Sentimen Pasar Global Membaik: Penundaan Tarif Trump Picu Reaksi Positif di Bursa Saham

Pasar Global Bereaksi Positif Terhadap Penundaan Tarif AS

Keputusan terbaru dari pemerintahan Presiden Donald Trump untuk menunda penerapan tarif impor terhadap sejumlah negara selama 90 hari telah memicu gelombang optimisme di pasar saham global. Langkah ini dipandang sebagai sinyal meredanya ketegangan perdagangan yang selama ini menghantui investor, mendorong reli di berbagai indeks saham utama.

Reaksi Pasar Saham

Indeks saham di Amerika Serikat menjadi yang pertama merespons positif pengumuman tersebut.

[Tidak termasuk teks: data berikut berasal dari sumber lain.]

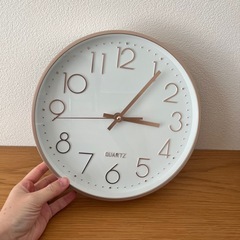 スリーコインズ 壁掛け時計の画像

Indeks S&P 500 mencatat kenaikan signifikan sebesar 9,5% pada hari Rabu (9/4/2025), mencerminkan sentimen pasar yang membaik. Penguatan juga terlihat di bursa saham Asia, dengan indeks Nikkei 225 Jepang melonjak lebih dari 8%.

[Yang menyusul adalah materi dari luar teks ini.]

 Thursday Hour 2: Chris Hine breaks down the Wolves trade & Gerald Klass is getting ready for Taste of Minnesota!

Selain pasar saham, harga komoditas berjangka di Eropa juga mengalami tren positif. Namun, perlu dicatat bahwa reli ini bersifat jangka pendek, dengan harga saham AS diperdagangkan lebih rendah setelahnya. Sementara itu, harga minyak mentah mengalami penurunan sekitar 1% akibat kekhawatiran bahwa ketegangan perdagangan dapat memicu resesi global.

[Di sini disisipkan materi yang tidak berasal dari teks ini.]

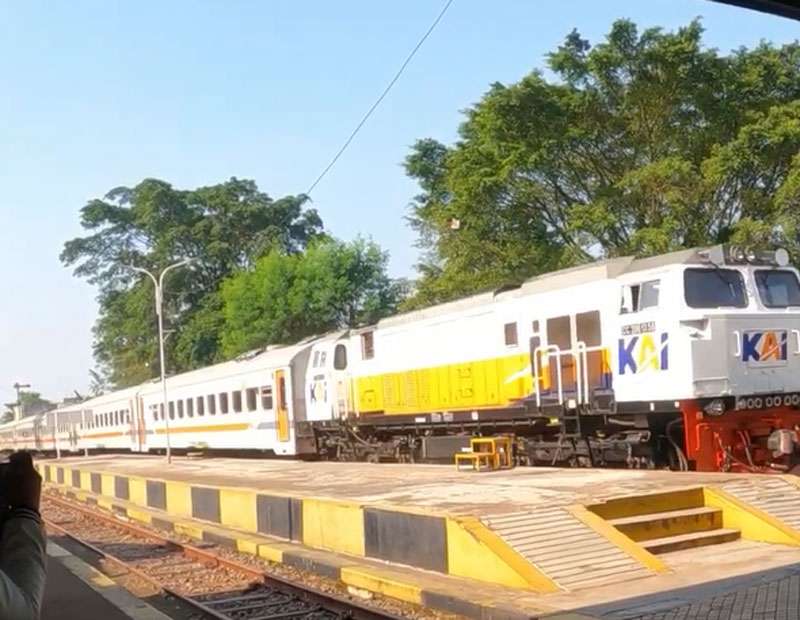 Kereta Api Cianjur Bandung Akan Beroperasi Kembali - Kemenhub Siapkan Dana Rp256 Miliar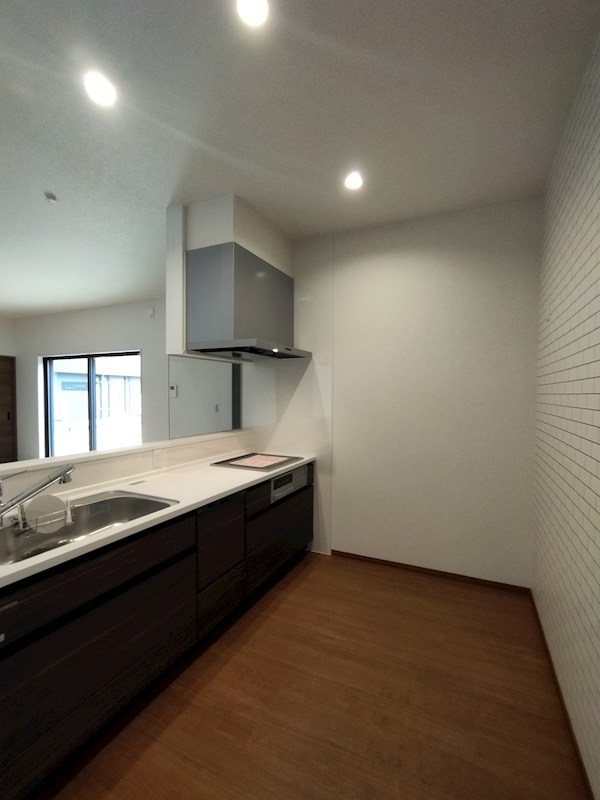 大字感田新築戸建3号地 内観写真（キッチン）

Kebijakan Tarif yang Fluktuatif

Sejak kembali menjabat pada bulan Januari, Presiden Trump telah berulang kali mengancam penerapan tarif hukuman terhadap mitra dagang AS. Namun, beberapa ancaman tersebut dibatalkan pada menit-menit terakhir, menciptakan ketidakpastian dan kebingungan di kalangan pemimpin dunia dan eksekutif perusahaan. Menteri Keuangan AS Scott Bessent menjelaskan bahwa perubahan kebijakan tarif ini telah direncanakan sejak awal bagi negara-negara yang bersedia bernegosiasi. Trump juga mengakui bahwa kepanikan pasar setelah pengumuman tarif pada tanggal 2 April menjadi pertimbangan dalam keputusannya.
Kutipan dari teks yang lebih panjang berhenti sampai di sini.